¹ Manipal Centre for Natural Sciences (MCNS), Manipal University, Manipal, Karnataka 576104, India
e-mail: athray@gmail.com
² Indian Institute of Astrophysics (IIA), 560034 Koramangala, Bangalore, India
³ ISRO Satellite Centre, 560017 Bangalore, India
⁴ Centre for Electronic Imaging, The Open University, Milton Keynes MK7 6AA, UK

Received: 28 April 2015
Accepted: 27 August 2015

Abstract

Context. Swept Charge Devices (SCD) are novel X-ray detectors optimized for improved spectral performance without any demand for active cooling. The Chandrayaan-1 X-ray Spectrometer (C1XS) experiment onboard the Chandrayaan-1 spacecraft used an array of SCDs to map the global surface elemental abundances on the Moon using the X-ray fluorescence (XRF) technique. The successful demonstration of SCDs in C1XS spurred an enhanced version of the spectrometer on Chandrayaan-2 using the next-generation SCD sensors.

Aims. The objective of this paper is to demonstrate validation of a physical model developed to simulate X-ray photon interaction and charge transportation in a SCD. The model helps to understand and identify the origin of individual components that collectively contribute to the energy-dependent spectral response of the SCD. Furthermore, the model provides completeness to various calibration tasks, such as generating spectral matrices (RMFs – redistribution matrix files), estimating efficiency, optimizing event selection logic, and maximizing event recovery to improve photon-collection efficiency in SCDs.

Methods. Charge generation and transportation in the SCD at different layers related to channel stops, field zones, and field-free zones due to photon interaction were computed using standard drift and diffusion equations.
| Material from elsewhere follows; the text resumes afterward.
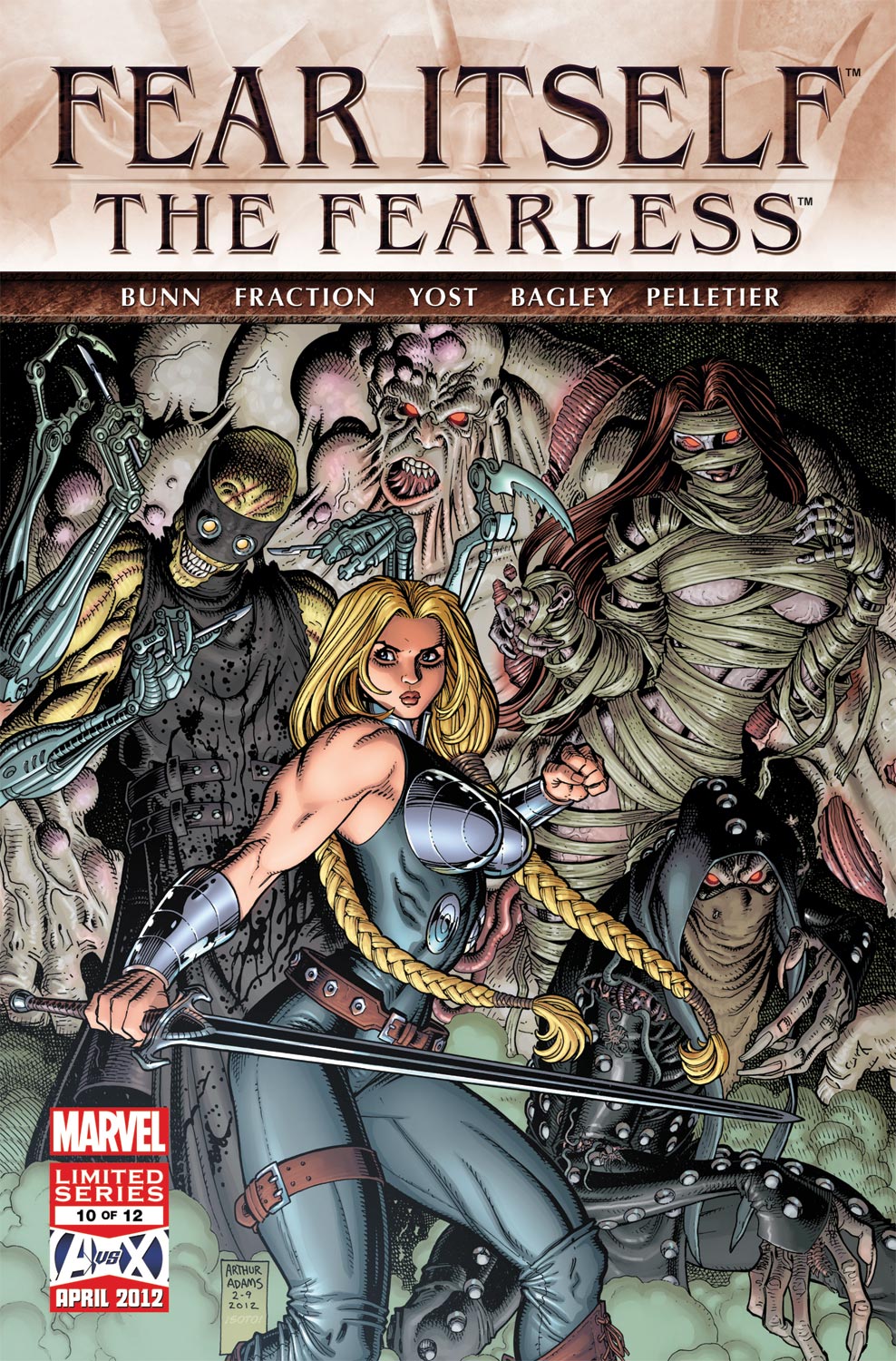 Read online Fear Itself: The Fearless comic -  Issue #10 - 1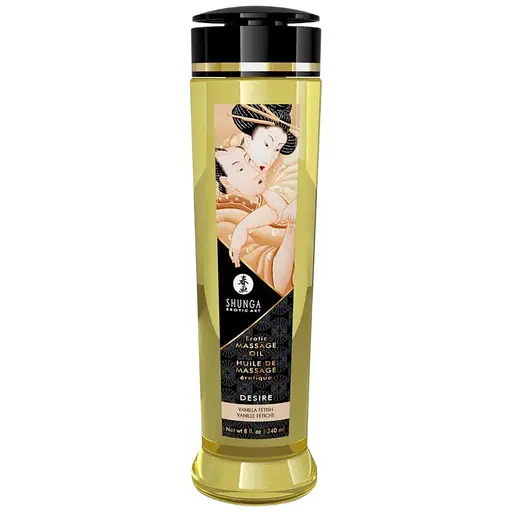 Масажне масло Shunga Desire Vanila натуральне зволожуюче 240 мл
Charge collected in the buried channel due to photon interaction in different volumes of the detector was computed by assuming a Gaussian radial profile of the charge cloud. The collected charge was processed further to simulate both diagonal clocking read-out, which is a novel design exclusive for SCDs, and event selection logic to construct the energy spectrum.

Results. We compare simulation results of the SCD CCD54 with measurements obtained during the ground calibration of C1XS and clearly demonstrate that our model reproduces all the major spectral features seen in calibration data. We also describe our understanding of interactions at different layers of SCD that contribute to the observed spectrum. Using simulation results, we identify the origin of different spectral features and quantify their contributions.